Run free at the bridge princess. 

Jenny, 17th December 1997 - 2 May 2010. 

Russell


----------



## locovan (Oct 17, 2007)

Oh Russell Im so sorry bless her oh that is such sad news.xxxx


----------



## clianthus (Jul 8, 2006)

I'm so sorry Russell. 

I know you wouldn't have made this decision lightly, so I'm also sure it was the right one.

It's unbelievably hard when you lose your loyal companion and I really feel for you and Jenny's dad.

Run free and be happy at the bridge Jenny X


----------



## lindyloot (May 20, 2007)

So sorry to hear your news Russell, run free Jenny .
Rich and Lin


----------



## DABurleigh (May 9, 2005)

I'm so sorry, Russell. It's the responsible dog owner's final responsible, caring and loving act, but it doesn't make it any easier. You know the heartache, but also that it subsides with time.

Dave


----------



## geraldandannie (Jun 4, 2006)

Hi Russell

So sorry to read this news. If it's any consolation, I'm sure that you made the right decision, and doing it the way you did was the kindest thing you could have done.

Gerald and Annie


----------



## phil4francoise (Jun 21, 2008)

so very sorry to read this post.I know what you are going through as I have been there . God bless you all .The pain will pass but the memories will live on forever


----------



## bognormike (May 10, 2005)

sorry to hear that Russell....


----------



## Hezbez (Feb 7, 2009)

So sorry Russell.

It's only when you've had the priviledge of sharing your life with such a special 4 legged companion that you understand how hard it is to let them go.

Jenny will be fine now.

Take care. x


----------



## lucy2 (Jun 27, 2007)

so sorry to hear your news, we have had 2 best friend dogs over the years so we know how you feel.

best regards chris & gail


----------



## dhutchy (Feb 7, 2010)

sorry to here about jenny russel my two border collies are getting to an age now when i start to worry about the inevitable. My first dog another border became so ill like jenny and i stayed with her when she went to sleep, i said i would not have another i was also heartbroken but as you have read i actually got two.It does pass and as said earlier you do always have the memories take care .


----------



## StAubyns (Jun 4, 2006)

Hi Russel

so sorry to hear about Jenny. I still remember taking our Patch on his final visit to the vets 13 years ago. I know its not easy


----------



## LadyJ (May 9, 2005)

Oh Russ I am so sorry to hear your sad news re Jenny she was a lovely dog and you and her dad will miss her terribly I know.

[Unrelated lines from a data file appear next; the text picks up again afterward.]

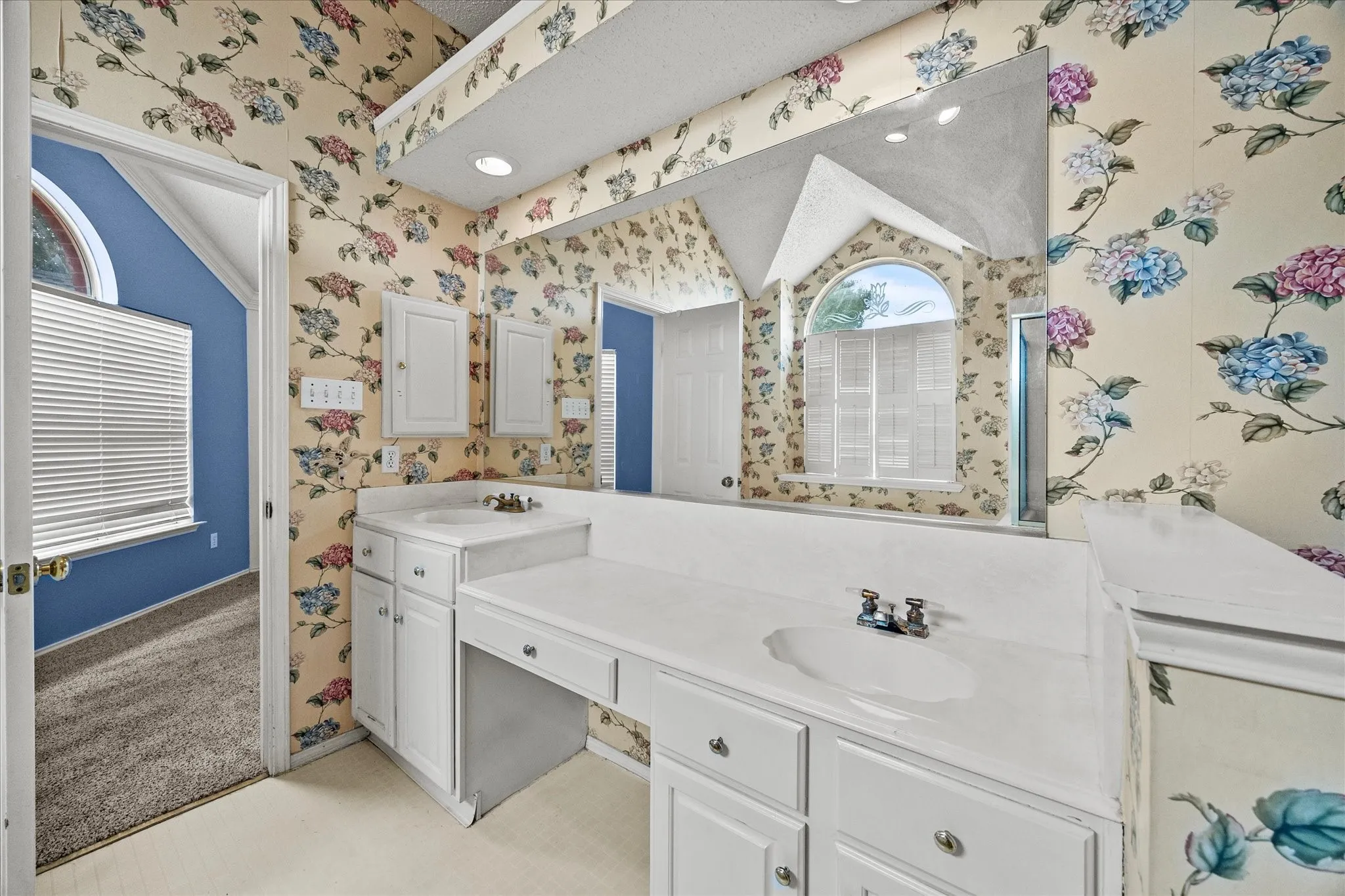 Single Family Residence For Sale in Dallas County , 2416 Liles Lane, Mesquite, Texas 75181, 3 Bedroom, 2 Bathroom, 2 Garage spaces, 1,873 Sqft, built in 1993, mls#21369851, Real Estate Agent in Mesquite, Homes For Sale in Dallas county, Homes For Sale in Mesquite, Realtor in Mesquite Texas, Real Estate Brokerage Independent Realty Texas, Luminita Cordes Realtor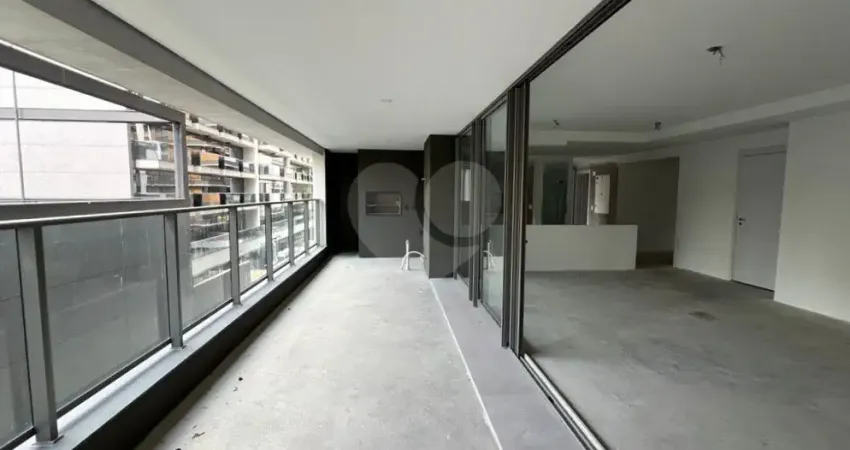 Apartamento novo à venda no Alto de Pinheiros – 182 m² | 3 suítes | 2 vagas | Depósito | Condomínio Clube completo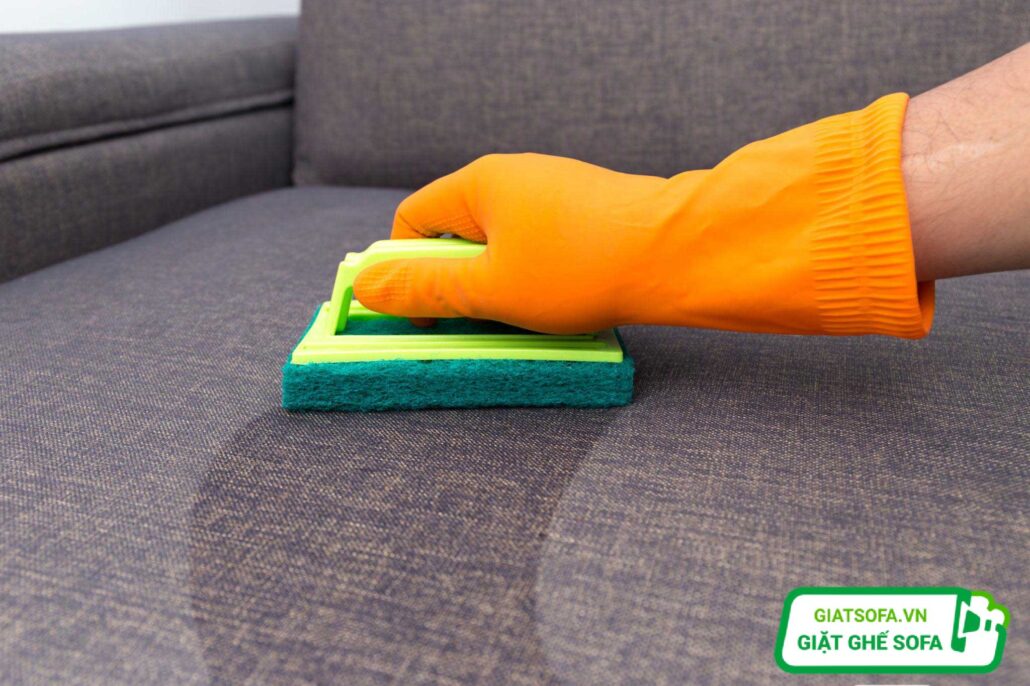 Vì sao nên học nghề giặt ghế sofa tại GiatSofa?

Run free Jenny at the Bridge and if you happen to bumb into Ted & Teasel give them a big kiss from me.

Hugs to you both XX


Jacquie


----------



## Nora+Neil (May 1, 2005)

So sorry to hear about Jenny.

She will run free with Oscar.


----------



## bigbazza (Mar 6, 2008)

So sorry, maybe she will meet our Jenny.
Very brave and kind decision, our thought's are with you.


----------



## Carper (Aug 15, 2007)

Russel

We are both so sorry to hear about Jenny.

You made the correct and brave decision, the same as we have had to do twice before. I still get upset thinking about it now

Doug & Elaine


----------



## locovan (Oct 17, 2007)

Russell I know your love of you- tube so I have a pressie from there that I dedicate to you Jenny and her Dad on such a sad day.


----------



## JackieP (Oct 15, 2006)

Very sorry to hear this news. You've done the last kind thing you can do for her. I too hope she and Oscar will be running around in doggy heaven. x


----------



## Waggy (Jan 15, 2006)

So sorry to hear this Russell

It is the moment all of us dread but I am sure it was the right decision

Graham


----------



## timotei (May 4, 2007)

Russell,

I have experienced nothing harder in this life, even the loss of a human family member....I'm sure it shouldn't be so, but there it is....but it is the right thing to do when the time comes.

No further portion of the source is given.